Любуясь его полетами, некоторые офицеры Качи покровительственно похлопывали Васю по плечу, подхваливали, дарили «псковскому мужичку» (так они его называли) целковики на водку. Вишняков краснел и наотрез отказывался от денег.

— Спасибо, ваше высокоблагородие, — отвечал он, — водку не потребляю.

Вася говорил правду. Даже бывая в увольнении, мы никогда не пили: боялись, это повлияет на полеты.

Разве могли тогда предполагать господа офицеры, что через несколько лет некоторые из них будут терять самообладание при одном виде краснозвездного «ньюпора» Васи Вишнякова…

…Классовое расслоение в армии чувствовалось во всем. На каждом шагу нижним чинам напоминали об их бесправии. Я уже говорил, что и после окончания школы авиации мне еще целый год пришлось работать механиком.

Наконец, в сентябре 1913 года, меня назначили на должность летчика и направили в Гродненский крепостной авиаотряд. Но тут меня ожидала вторая неприятность. На новом месте не оказалось самолетов «Ньюпор-4», на которых я летал. Просить о переводе в другой отряд я не решился: вдруг подумают, что испугался.

Для офицеров в ангарах стояли аэропланы новой конструкции — «Фарман-16». Унтер-офицер Лагерь летал на потрепанном «Фармане-7». Другой такой же аппарат предназначался для меня. Однако он недавно попал в аварию и имел жалкий вид: нижние крылья и хвостовое оперение поломаны, полотно порвано, мотор нуждается в переборке. Начавшийся при мне капитальный ремонт машины тянулся около пятнадцати дней. Командир отряда штабс-капитан Карпов и не подумал использовать это время для того, чтобы ознакомить меня с новым типом самолета — «Фарман-7». Пренебрежение к солдату-летчику было так велико, что в день моего первого вылета ни один из офицеров части не пришел на аэродром. А ведь мне, молодому летчику, предстояло впервые вылететь на незнакомом аэроплане, который только что вышел из капитального ремонта.

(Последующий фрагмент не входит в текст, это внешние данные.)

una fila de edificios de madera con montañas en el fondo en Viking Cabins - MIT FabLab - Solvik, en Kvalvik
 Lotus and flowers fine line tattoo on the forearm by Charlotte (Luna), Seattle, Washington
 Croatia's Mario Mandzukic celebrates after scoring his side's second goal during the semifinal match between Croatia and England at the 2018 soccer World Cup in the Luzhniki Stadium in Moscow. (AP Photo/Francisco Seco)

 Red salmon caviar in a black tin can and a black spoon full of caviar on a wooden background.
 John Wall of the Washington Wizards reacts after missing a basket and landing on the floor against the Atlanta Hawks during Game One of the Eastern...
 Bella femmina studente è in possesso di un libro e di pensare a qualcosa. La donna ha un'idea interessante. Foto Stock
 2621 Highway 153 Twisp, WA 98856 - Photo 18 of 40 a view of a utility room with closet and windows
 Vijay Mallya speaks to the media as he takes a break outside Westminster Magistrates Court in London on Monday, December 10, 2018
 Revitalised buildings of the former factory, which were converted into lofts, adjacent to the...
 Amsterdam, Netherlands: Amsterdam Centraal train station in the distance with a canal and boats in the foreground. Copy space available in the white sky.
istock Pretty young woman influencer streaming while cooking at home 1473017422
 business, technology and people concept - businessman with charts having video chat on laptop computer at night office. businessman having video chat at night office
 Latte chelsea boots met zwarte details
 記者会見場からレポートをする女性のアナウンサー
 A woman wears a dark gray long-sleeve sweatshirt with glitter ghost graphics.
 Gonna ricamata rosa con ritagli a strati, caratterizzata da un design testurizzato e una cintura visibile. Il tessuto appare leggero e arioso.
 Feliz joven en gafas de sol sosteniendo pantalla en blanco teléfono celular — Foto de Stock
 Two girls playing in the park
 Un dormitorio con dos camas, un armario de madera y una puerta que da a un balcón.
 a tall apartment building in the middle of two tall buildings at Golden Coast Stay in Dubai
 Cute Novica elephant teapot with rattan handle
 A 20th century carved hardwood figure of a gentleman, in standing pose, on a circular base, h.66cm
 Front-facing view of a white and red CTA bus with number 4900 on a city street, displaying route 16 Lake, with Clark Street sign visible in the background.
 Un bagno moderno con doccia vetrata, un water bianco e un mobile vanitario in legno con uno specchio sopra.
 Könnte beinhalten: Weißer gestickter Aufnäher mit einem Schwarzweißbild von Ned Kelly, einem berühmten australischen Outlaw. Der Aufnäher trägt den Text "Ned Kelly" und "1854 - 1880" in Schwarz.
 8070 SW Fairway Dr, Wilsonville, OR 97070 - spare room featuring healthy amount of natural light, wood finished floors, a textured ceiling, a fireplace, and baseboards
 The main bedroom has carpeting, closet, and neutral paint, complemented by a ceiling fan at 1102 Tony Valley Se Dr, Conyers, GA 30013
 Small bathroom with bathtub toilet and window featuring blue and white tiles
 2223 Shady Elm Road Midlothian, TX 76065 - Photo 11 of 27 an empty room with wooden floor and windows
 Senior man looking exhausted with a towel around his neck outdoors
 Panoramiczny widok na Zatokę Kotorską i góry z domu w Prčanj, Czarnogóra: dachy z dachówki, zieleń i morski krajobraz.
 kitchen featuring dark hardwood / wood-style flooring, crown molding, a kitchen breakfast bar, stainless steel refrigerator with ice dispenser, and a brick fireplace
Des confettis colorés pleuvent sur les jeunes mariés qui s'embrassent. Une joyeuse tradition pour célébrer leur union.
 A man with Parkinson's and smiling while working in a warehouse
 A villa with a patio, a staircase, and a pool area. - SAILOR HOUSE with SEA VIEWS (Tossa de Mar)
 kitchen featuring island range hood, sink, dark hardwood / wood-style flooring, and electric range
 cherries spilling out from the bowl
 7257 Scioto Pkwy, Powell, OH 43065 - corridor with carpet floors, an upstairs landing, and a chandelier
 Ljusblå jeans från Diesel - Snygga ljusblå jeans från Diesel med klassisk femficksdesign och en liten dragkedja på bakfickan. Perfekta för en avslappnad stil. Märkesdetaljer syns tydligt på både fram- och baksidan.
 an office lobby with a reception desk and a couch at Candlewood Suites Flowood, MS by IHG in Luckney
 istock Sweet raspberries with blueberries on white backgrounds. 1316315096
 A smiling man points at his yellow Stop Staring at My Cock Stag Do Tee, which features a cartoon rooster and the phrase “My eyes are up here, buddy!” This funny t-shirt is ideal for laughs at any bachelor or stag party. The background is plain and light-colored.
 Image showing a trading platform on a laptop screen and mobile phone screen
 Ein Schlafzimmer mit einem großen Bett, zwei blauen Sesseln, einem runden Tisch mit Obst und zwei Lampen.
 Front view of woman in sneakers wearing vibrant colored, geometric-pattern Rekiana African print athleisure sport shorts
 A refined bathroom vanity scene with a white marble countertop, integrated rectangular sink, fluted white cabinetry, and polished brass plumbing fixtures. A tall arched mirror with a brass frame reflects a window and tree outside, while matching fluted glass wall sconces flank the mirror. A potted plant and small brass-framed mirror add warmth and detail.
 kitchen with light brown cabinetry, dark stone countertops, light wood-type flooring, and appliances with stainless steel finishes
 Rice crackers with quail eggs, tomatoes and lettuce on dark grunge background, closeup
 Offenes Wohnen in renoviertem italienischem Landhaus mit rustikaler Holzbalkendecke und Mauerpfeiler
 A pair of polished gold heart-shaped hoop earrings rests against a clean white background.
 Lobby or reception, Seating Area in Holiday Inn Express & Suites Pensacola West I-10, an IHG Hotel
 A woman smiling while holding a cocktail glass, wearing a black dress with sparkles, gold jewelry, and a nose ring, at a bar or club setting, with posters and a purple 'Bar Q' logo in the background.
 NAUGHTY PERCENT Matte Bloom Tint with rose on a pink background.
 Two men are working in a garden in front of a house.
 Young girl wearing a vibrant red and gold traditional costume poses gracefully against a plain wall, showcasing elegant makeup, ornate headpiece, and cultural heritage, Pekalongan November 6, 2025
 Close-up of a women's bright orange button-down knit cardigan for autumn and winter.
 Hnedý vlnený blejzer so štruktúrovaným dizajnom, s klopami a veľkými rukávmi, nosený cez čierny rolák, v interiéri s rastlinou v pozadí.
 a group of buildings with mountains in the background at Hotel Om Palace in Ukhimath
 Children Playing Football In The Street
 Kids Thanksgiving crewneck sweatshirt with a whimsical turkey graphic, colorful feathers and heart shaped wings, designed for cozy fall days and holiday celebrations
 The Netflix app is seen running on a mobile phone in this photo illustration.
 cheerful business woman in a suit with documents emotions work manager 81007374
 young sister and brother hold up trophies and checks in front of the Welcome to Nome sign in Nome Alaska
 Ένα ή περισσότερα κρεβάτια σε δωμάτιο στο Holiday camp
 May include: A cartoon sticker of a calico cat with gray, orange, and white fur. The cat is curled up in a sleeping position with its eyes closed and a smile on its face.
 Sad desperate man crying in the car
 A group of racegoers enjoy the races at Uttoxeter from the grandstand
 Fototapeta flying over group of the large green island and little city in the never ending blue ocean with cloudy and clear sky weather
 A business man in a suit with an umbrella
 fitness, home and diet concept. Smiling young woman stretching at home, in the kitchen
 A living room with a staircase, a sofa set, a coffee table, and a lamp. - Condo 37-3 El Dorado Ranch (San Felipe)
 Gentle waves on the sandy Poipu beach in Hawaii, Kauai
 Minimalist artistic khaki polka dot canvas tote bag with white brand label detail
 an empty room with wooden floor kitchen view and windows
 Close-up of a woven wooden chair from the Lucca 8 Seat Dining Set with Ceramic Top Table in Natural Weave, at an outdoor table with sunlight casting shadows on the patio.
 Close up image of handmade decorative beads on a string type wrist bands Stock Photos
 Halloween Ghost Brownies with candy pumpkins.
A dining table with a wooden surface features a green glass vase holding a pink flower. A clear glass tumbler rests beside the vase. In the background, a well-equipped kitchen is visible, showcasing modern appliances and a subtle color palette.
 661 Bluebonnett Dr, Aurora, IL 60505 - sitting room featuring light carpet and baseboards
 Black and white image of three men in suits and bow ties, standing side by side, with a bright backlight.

…«Фарман-7» пошел на взлет. Близится отрыв. Привычно подтягиваю ручку на себя. Жду — сейчас горизонт пойдет вниз. И вдруг раздался треск. Самолет бросило к земле. Последнее, что успеваю сделать инстинктивно, — выключить левой рукой зажигание.

Очнувшись, увидел: меня выбросило метров на семь вперед от скапотировавшего «фармана». Остался жив только потому, что не был привязан. Иначе придавило бы обломками. И пробковая каска выручила: на ее лобовой части оказалась вмятина.

Комиссия установила: на разбеге подломились совсем прогнившие деревянные стойки шасси…

Да, такую «шутку» с офицером сыграть бы не посмели. Я подал рапорт о переводе в любой авиационный отряд, летающий на «ньюпорах». О здешних порядках и об отношении к себе писать, конечно, не стал — бесполезно. Штабс-капитан Карпов, стараясь побыстрее замять неприятный случай, содействовал моему переводу.

В январе 1914 года я прибыл в Одессу, в только что сформированный 7-й корпусной авиаотряд. Тут много летали на «ньюпорах», хотя и без всякой программы: каждый поднимался в воздух и делал что хотел. Встретили меня хорошо: все летчики оказались знакомыми — выпускниками Качинской школы. Командовал отрядом лихой пилот, бывший кавалерист штаб-ротмистр Есипов, друг замечательного истребителя Евграфа Крутеня. Он любил полеты и на редкость хорошо относился к солдатам. Но летом 1914 года командир разбился на моих глазах. Причиной его гибели стала распространенная «офицерская болезнь» — пренебрежение техникой, стремление быть «чистым летчиком».